Il arrive souvent, chez les professionnels de l’art numérique, que l’on débatte pendant des heures sur l’art numérique, sur sa définition, sur son histoire, sur son avenir, sur sa capacité à toucher un large public – la question en l’occurrence ne se pose que lorsqu’il ne se confond pas avec le divertissement fabriquées par les industries culturelles – … et d’abord et avant tout s’il existe en tant que tel. Ce genre de question met en jeu de telles antinomies théologico-politiques que le mieux que l’on ait à faire dans ces cas-là est d’invoquer dieu ou les dieux lorsqu’on est croyant ou de suspendre son jugement en attendant des jours meilleurs lorsqu’on ne l’est pas. Certains diront que les deux options ne sont pas incompatibles puisque c’est finalement ce que firent bon nombre de prophètes lorsqu’ils firent retraite au désert.
Me rendant donc au désert (numérique), un festival organisée par Karen et Marika Dermineur, dans un paysage somptueux et montagneux, j’eus – et je ne fus pas le seul – la joie d’assister à un moment merveilleux.
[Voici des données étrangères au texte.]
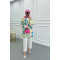 Tied Patterned Kimono Pink
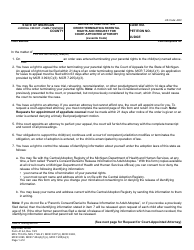 Form JC44 Advice of Rights After Order Terminating Parental Rights and Request for Court-Appointed Attorney (Juvenile Code) - Michigan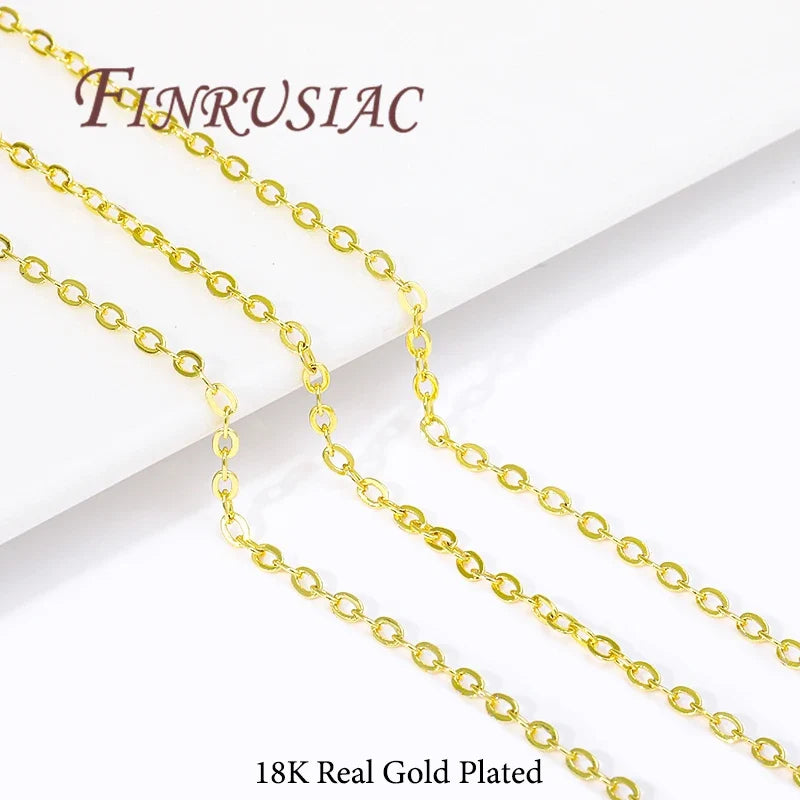 18K Gold Plated O Shape Chain 1.2mm–2mm | DIY Necklace Bulk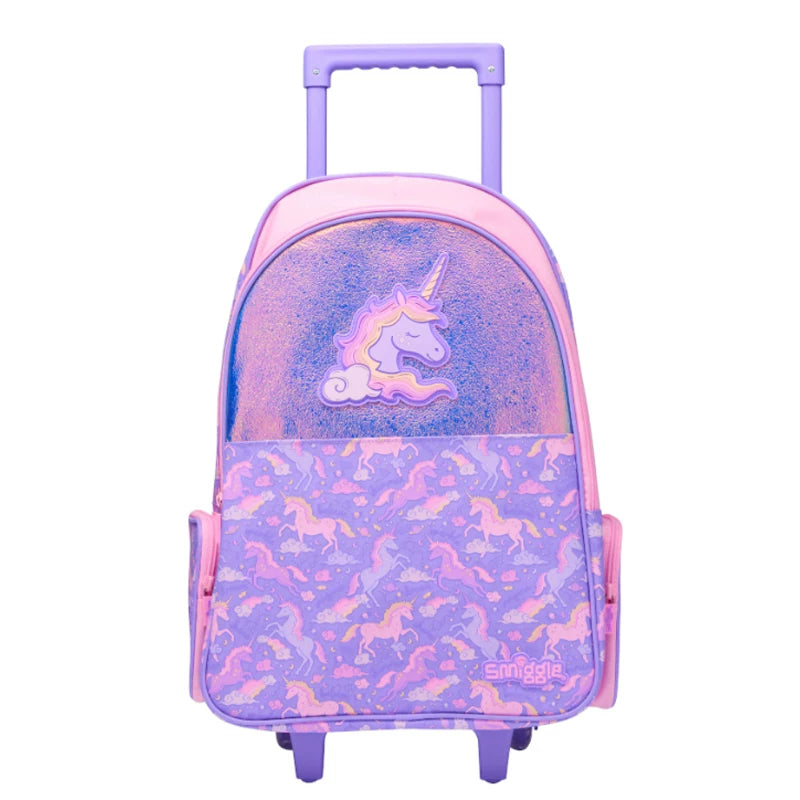 Kids Pre-order Trolley School Bag - Purple Unicorn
Ce vendredi sonnait pour les enfants du village la fin de l’année, sans doute le dernier jour avant les vacances. Et comme souvent dans ce cas, les enseignants organisent une fête ou un concert. Concert et fête il y eut. Dans une église pleine à craquer, sous le regard d’un Christ en croix, de leur enseignante, Alice Dubief, et de l’artiste (numérique) Yann Leguay, les enfants de l’école primaire de Saint-Nazaire le Désert offrirent un étonnant concert électro-acoustique alliant musique concrète et musique sinusoïdale (1). Tandis que s’égrenaient les sons et les rythmes tirés de leurs objets sonores (des pierres augmentées de capteurs et autres instruments improbables, fabriqués pour l’occasion et consacrés à une Electricité quasi-divinisée – McLuhan n’était pas loin), la lumière apparut soudain. Ces enfants ignoraient tout de nos débats. Ils éprouvaient du plaisir en se livrant à l’activité artistique et ils nous le communiquaient. Alors, numérique ou pas numérique ? Ils s’en foutaient pas mal et nous aussi. Merci à eux et aux soeurs Dermineur.
Le festival continue jusqu’au 3 juillet 2011. Expo, conférences, ateliers …
[1] Merci à Sébastien Zaegel pour cette dernière précision.